Si possono amare i Velvet Underground senza “sposare” lo stile di vita descritto nelle loro canzoni? Su questo argomento riceviamo, e volentieri pubblichiamo, le riflessioni di un caro amico che preferisce restare anonimo.
La “celebrazione” del cinquantenario del disco della Banana pone, a chi ha, a vario titolo, assistito da lontano o vissuto da vicino, il massacro di corpi, anime e patrimoni provocato dall’eroina, dagli anni settanta in poi, almeno un interrogativo. Interrogativo non da poco visto che riguarda i rapporti tra l’etica, in questo caso la riprovazione morale per l’eroina, e l’estetica, in questo caso la dolcissima poesia decadente di Lou Reed con i Velvet Underground.
Due decenni dopo l’uscita del disco, l'”etica” anarcoide delle periferie urbane di Roma capitale, consegnava ai punk di tutta italia l’inno “No eroina”, uno splendido, straordinario pezzo cantato e gridato dai Bloody Riot di Roma e dal suo cantante Roberto Perciballi, scomparso di recente.
“No eroina è la tua rovina” era il verso finale del pezzo che ne sintetizzava il messaggio ed il valore di rifiuto di un intera subcultura.
Se l’etica, e l’estetica Hardcore Punk, guida, senza fatica ma anche razionalmente, la passione verso i Bloody Riot, la poesia mi fa ascoltare con il calore di sempre la tenerezza e la melodia della voce di Nico.

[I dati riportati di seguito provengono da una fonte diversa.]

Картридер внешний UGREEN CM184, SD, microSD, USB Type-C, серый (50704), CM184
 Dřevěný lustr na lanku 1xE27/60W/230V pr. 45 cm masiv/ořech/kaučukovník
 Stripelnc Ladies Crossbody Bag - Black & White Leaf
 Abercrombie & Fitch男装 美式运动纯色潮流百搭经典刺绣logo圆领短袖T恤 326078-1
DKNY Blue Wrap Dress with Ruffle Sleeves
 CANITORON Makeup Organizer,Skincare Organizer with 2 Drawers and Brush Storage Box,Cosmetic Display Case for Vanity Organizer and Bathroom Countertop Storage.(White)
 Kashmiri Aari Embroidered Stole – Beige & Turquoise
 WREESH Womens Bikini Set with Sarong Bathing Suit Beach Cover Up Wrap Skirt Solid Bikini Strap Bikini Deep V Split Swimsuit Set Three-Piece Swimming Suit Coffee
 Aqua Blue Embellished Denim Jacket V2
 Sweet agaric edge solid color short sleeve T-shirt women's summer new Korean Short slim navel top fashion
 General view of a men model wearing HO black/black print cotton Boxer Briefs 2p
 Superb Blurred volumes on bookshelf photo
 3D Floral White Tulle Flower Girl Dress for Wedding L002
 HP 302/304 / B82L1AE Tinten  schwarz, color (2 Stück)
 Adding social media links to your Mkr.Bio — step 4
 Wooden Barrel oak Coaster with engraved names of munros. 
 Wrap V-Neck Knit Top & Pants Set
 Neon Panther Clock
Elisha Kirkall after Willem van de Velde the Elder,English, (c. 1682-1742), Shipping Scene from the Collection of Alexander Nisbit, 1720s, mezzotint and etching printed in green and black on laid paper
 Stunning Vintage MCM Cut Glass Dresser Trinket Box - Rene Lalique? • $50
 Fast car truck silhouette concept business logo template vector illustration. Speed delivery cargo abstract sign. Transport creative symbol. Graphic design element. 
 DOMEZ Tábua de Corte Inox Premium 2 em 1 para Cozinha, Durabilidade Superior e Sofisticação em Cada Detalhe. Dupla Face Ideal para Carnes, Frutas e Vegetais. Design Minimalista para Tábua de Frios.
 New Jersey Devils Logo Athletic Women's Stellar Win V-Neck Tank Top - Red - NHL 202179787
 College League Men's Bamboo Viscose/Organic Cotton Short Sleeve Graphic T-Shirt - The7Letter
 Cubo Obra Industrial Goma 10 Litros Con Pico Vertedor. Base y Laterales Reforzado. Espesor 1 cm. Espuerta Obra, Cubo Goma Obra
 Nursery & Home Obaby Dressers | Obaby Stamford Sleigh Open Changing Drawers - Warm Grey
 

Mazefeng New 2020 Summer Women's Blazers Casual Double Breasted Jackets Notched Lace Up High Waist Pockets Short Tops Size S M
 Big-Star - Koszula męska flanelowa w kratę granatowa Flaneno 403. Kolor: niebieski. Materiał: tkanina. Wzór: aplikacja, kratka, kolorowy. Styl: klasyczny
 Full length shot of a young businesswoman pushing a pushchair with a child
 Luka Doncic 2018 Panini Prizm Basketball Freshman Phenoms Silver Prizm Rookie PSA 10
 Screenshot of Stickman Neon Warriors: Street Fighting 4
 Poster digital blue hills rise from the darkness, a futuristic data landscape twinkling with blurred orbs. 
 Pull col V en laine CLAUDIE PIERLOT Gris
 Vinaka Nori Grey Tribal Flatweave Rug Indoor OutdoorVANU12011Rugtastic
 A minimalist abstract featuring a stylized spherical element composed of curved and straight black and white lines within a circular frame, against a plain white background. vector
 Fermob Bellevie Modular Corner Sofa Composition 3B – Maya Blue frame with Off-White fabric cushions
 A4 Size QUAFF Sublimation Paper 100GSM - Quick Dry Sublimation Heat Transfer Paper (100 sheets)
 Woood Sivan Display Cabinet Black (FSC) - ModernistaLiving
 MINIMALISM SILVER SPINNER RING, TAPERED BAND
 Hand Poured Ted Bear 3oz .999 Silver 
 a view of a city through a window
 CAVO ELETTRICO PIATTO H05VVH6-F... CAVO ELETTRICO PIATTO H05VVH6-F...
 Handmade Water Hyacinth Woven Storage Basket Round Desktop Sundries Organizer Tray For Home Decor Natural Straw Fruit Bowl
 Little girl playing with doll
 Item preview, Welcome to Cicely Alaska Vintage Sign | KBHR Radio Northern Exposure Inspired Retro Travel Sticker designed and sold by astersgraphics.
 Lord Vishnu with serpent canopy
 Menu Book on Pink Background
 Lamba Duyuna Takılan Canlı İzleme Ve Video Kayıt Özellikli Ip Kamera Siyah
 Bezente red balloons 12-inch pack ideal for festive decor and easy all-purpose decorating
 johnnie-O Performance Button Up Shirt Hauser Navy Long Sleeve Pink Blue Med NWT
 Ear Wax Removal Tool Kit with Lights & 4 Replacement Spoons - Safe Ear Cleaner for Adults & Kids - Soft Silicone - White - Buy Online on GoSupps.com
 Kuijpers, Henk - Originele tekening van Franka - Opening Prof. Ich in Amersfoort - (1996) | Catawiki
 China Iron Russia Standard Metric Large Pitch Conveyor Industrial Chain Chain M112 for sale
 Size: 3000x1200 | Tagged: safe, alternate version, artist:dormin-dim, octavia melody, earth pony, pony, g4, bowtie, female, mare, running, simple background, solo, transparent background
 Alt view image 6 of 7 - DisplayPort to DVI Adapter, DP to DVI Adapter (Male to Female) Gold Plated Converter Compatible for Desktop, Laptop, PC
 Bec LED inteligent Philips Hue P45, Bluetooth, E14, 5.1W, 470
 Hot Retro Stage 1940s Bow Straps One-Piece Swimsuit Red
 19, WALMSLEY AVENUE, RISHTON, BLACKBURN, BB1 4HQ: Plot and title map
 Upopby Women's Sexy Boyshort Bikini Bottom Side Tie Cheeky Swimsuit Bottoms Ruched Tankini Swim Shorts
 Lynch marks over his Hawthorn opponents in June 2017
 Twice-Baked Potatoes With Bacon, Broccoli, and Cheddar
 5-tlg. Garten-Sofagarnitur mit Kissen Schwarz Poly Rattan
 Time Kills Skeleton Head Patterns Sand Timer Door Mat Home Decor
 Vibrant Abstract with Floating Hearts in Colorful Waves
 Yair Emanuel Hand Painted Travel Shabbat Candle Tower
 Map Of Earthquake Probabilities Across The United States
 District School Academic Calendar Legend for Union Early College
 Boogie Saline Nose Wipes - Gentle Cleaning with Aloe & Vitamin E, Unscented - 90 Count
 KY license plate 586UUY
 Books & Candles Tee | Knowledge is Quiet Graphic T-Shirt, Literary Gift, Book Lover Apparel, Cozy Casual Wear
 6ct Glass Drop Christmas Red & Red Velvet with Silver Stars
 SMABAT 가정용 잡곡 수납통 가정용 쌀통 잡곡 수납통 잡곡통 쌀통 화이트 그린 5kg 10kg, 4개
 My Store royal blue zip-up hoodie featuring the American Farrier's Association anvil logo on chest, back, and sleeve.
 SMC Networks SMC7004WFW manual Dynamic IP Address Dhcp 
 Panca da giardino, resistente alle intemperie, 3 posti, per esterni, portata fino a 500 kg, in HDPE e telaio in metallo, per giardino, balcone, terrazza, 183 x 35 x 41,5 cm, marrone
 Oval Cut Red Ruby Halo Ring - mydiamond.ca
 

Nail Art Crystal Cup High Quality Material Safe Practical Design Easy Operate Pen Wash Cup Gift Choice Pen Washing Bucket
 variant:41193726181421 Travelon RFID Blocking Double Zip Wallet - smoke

La domanda potrebbe essere quindi riformulata così: in che rapporto sta l’opera d’arte con la morale? Non ho le forze intellettuali, e tantomeno la voglia, di tentare una risposta e di argomentarla. A occhio e croce direi, e spero di non sbagliare, che non c’è nessun rapporto. Sono due piani distanti, l’arte e la morale. Distanti sì, ma di una distanza che varia col tempo e i contesti emotivi della fruizione dell’opera d’arte, in questo caso dell’ascolto visto che si tratta di un disco, oltre che con quelli culturali.
In fondo spero sia così, ma poi non ne sono tanto sicuro. Mi basta continuare a godermi i Velvet e non dovermi far piacere per forza alcunchè.
Adoro quel disco fatto di pochi accordi di cui ho suonato tante volte le canzoni, ma, per usare le sue parole, l’eroina non me la son sposata, ne carnalmente ne ideologicamente, e non è stata, per fortuna, la mia vita.
Verso ciò che è raccontato poeticamente nel disco non ho niente da celebrare se non il mio odio, si, il mio odio misto alla paura, la mia distanza culturale, umana, sanitaria e sociale, ideologica.
A vent’anni ho potuto ascoltare l’urlo di ribellione contro l’eroina di quei “ragazzi della strada” Romani di cui andavo a vedere i concerti. Sentivo che stava finendo un’epoca ed altri ragazzi avrebbero potuto gridare la loro ribellione ed il rifiuto di quel fenomeno, di quella pratica molto poco rivoluzionaria che è massacro e dipendenza da una sostanza chimica che ha fatto, e continua a far perdere, amici cari, figli e molte altre cose.
L’ingenuità dei testi punk mi ricorda talvolta quella del Beat, forse per quello mi piaceva.
Celebrerò la “banana” con i miei amici cercando di non pensare altro. Al rientro metterò nel piatto, o su You tube, i “versi” sgraziati di Robbertone, accompagnati come quelli di Reed dal suono di una Fender, dal suono caldo e distorto:
“… Non riesci più a vedere che c’è un ago nelle tue vene, un ago sporco di sangue, c’è stanchezza nella tua testa, stanchezza e pesantezza, hai perso la tua voglia di essere, la tua voglia di lottare, la tua vita è come un incubo, un incubo senza fine”
Forse è solo la poesia che si è trasformata e ha traslocato, trovando casa a Centocelle almeno per un po’, il tanto di mostrarsi su qualche palco di periferia mentre seminava l’odio per l’eroina tra tanti, tantissimi ragazzi di strada.